Trading & Investment

Stock Market Participants and the way Exchanges Earn

Along with the long term investors and short term traders there are many Forex Broker List different types of participants associated with the stock market. Each has a unique role, but many of the roles are intertwined and depend on each other to make the market run effectively.

Stockbrokers

Stockbrokers are also known as registered representatives in the US. They are the licensed professionals who buy and sell securities on behalf of investors. These brokers serve as intermediaries between the Finance Brokerage Stocks exchanges and the investors by buying and selling stock investors’ behalf.

Portfolio Managers

Portfolio managers are professionals that invest in portfolios or collections of securities for clients. These managers get recommendations from analysts and make the buy or sell decisions for the portfolio. Mutual fund companies, hedge funds, and pension plans use portfolio managers to make decisions and set the investment strategies for the money they hold.

Investment Bankers

Investment bankers represent companies is various capacities, such as private companies that want to go public via an IPO or companies that are involved in pending mergers and acquisitions. They take care of the listing process in compliance with regulatory requirements of the stock market.

Custodian

Custodians and depot service providers, which are the institutions that hold customers’ securities for safekeeping so as to minimize the risk of their theft or loss, also operate in sync with the exchange to transfer shares to/from the respective accounts of transacting parties based on trading on the stock market.

Market Makers

Market makers are  broker-dealers who facilitate the trading of shares by posing bid and ask prices along with maintaining an inventory of shares. He ensures sufficient liquidity in the market for a particular set of shares. Market makers profit from the difference between the bid and ask price that he quotes.

How Stock Exchanges Make Money

Stock exchanges operate as for-profit institutions and charge a fee for their services. The primary source of income for a stock exchange is the revenue it gets from transaction fee that is charged for each trade carried out on its platform. In addition, exchanges earn from listing fee charged to companies during the IPO process and other follow-on offering.

Exchange also earns from selling market data generated on its platform, such as real-time data, historical data, summary data, and references data, which is vital for equity research and other uses. Many exchange also sell technology products, like a trading terminal and dedicated network connection to the exchange, to the interested parties for a suitable fee.

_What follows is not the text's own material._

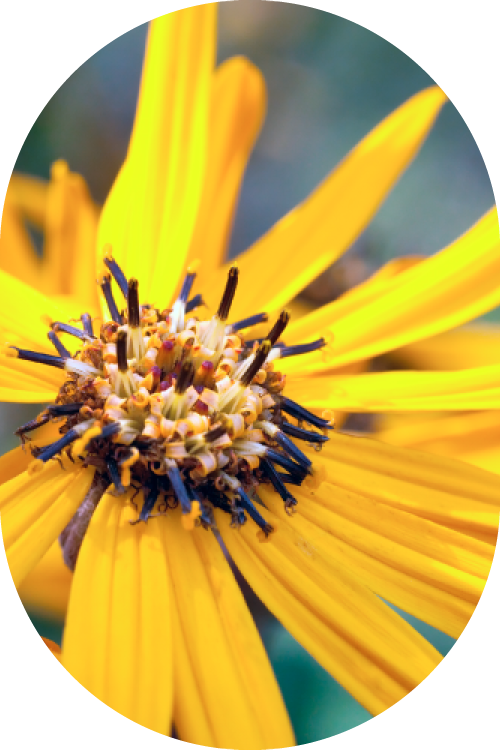 Estratti alcolici Devè Srl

The exchange may also offer privileged services like high-frequency trading to larger clients like mutual funds and asset management companies (AMC), and earn money accordingly. There are provisions for some regulatory fee and registration fee for different profiles of market participants, like market maker and broker, which form other sources of income for the stock exchange.

The exchange can also make profits by licensing their indexes (and their methodology) which are commonly used as benchmark for launching various products like mutual funds and ETFs by AMCs.